Biggest Kenyan banks being squeezed to the wall?

The East African nation’s largest banks all posted a drop in first-quarter earnings as a government-imposed cap on commercial lending rates curbed the amount they can charge for loans.

The decline in net interest income in the three months through March ranged from as much as 15 percent at Equity Group Holdings Ltd, the biggest lender by market value, to 1.5 per cent at Co-operative Bank of Kenya, which ranks at  number three.

The ceiling on interest rates - 400 basis points above the central bank’s benchmark rate of 10 percent - is forcing lenders to compete more aggressively on pricing for loans and reducing their ability to provide loans to riskier clients.

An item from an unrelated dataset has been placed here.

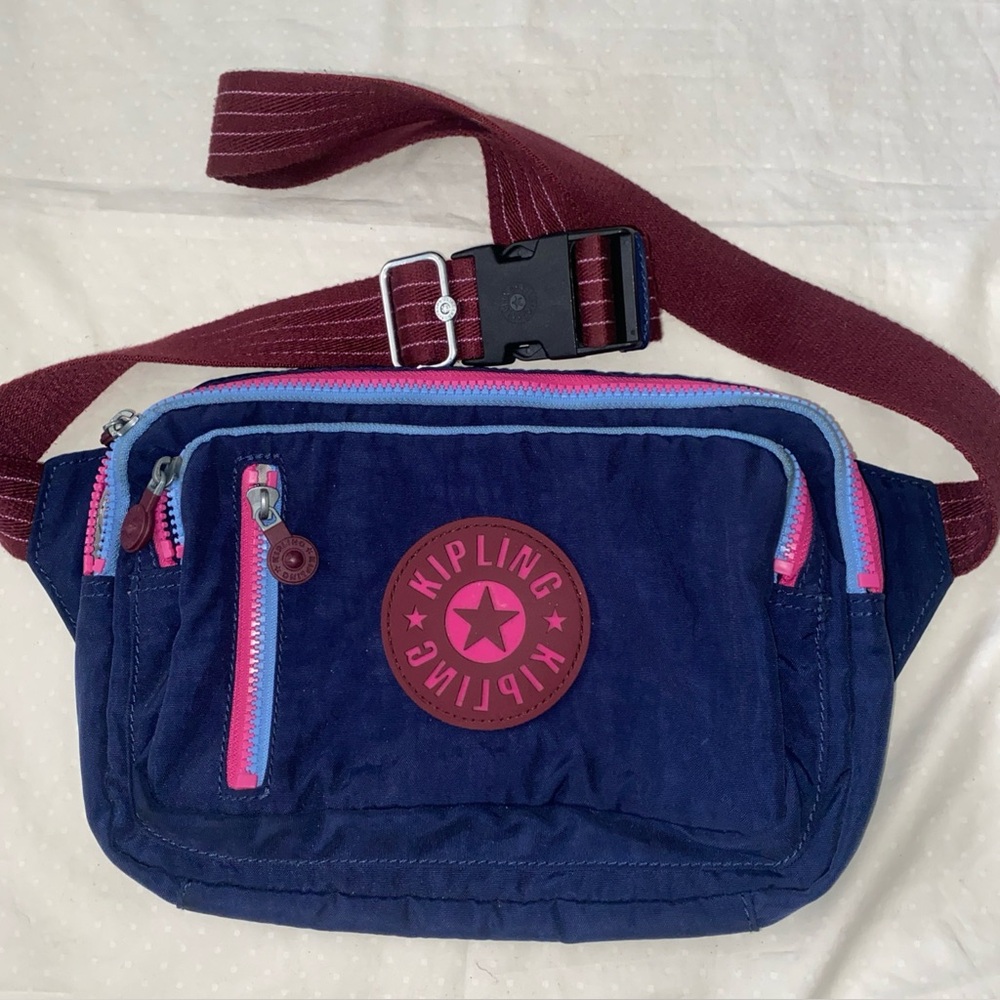 Kipling Tarry Waist Bag Belt Bag Navy & Pink Size M 10.5 X 8 X 3 Inches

The weighted average interest rate charged by banks fell almost 200 basis points to as low as 11.1 per cent at some banks in the quarter, said Faith Mwangi, senior investment analyst at Genghis Capital Ltd in Nairobi.

That compares with an average 18 percent in June, according to central bank data. “Kenyan banks used to give out a lot of unsecured loans, some by being creative in terms of collateral or timings of repayments,” said Mwangi. “The banks have been forced to tighten up their loan criteria. It doesn’t make sense any more for them to offer riskier loans.”

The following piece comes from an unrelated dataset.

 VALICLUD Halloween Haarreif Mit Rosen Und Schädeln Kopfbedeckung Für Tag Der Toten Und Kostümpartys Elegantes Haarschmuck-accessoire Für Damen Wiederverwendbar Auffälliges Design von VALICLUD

The decline in loan income was one of the key drivers of the drop in profit at the top five lenders, which ranged from 1.9 percent at KCB Group Ltd., Kenya’s second-largest bank, to 21 percent at Standard Chartered Plc’s Kenyan unit, the fourth-largest.

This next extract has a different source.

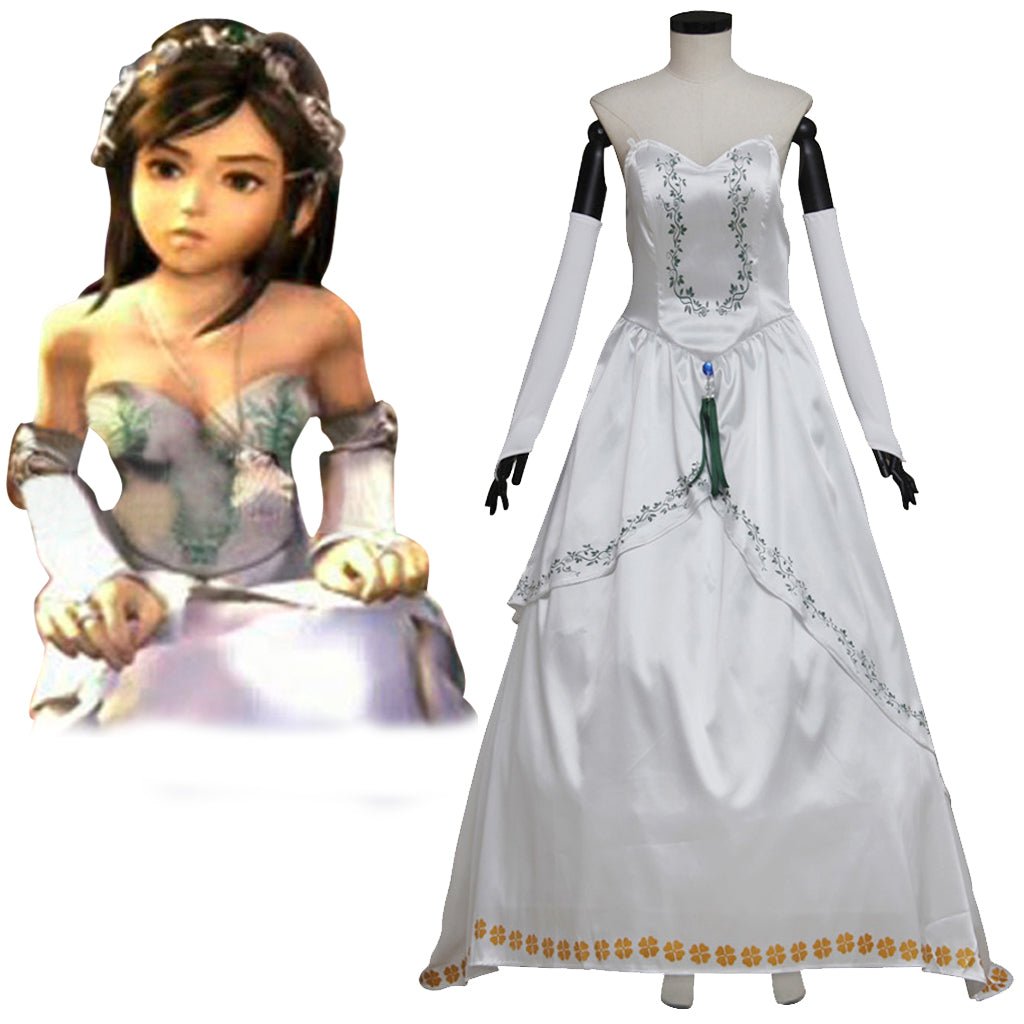 Final Fantasy IX Garnet Prinzessin Cosplay Kostüm – Weißes Brautkleid für erwachsene Frauen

Loans to the private sector grew at the slowest pace since September 2003 in March, according to central bank data.
The slowdown in lending will continue to weigh on earnings for the rest of the year, according to Abizer Sharafali, a senior analyst at ApexAfrica Capital Ltd in Nairobi.

While banks are lobbying the government to remove the caps, there’s an acceptance that any decision won’t precede presidential elections on August 8 because it could prove politically unpopular, he said.

Kenyan President Uhuru Kenyatta introduced the cap on banks’ lending rates in August, ignoring the advice of the central bank as he fulfilled a 2013 election-campaign pledge to reduce the cost of credit.

In March, Kenyatta acknowledged the introduction of the law had the “unintended consequence” of slowing lending and said the government is working to resolve the problem.

“This year there will be slow growth in lending, maybe picking up at the end of the third and fourth quarters a little bit,” Sharafali said from Nairobi. “If you look at the whole year, 2017 will be down significantly compared to 2016 and maybe pick up in 2018 going forward.”

Even after a rally of as much as 35 percent this year for some of the nation’s lenders, most Kenyan bank stocks are still down over the past 12 months.

Earnings will probably decline by an average 1.6 percent in 2017, and will remain flat for almost three years, Ronak Gadhia, an analyst at Exotix Partners LLP in London, said in a note on May 18, describing the lack of earnings growth as “unprecedented territory.”

Stocks are fully valued at the moment, he said. The “golden period of profitability” is over, Gadhia said.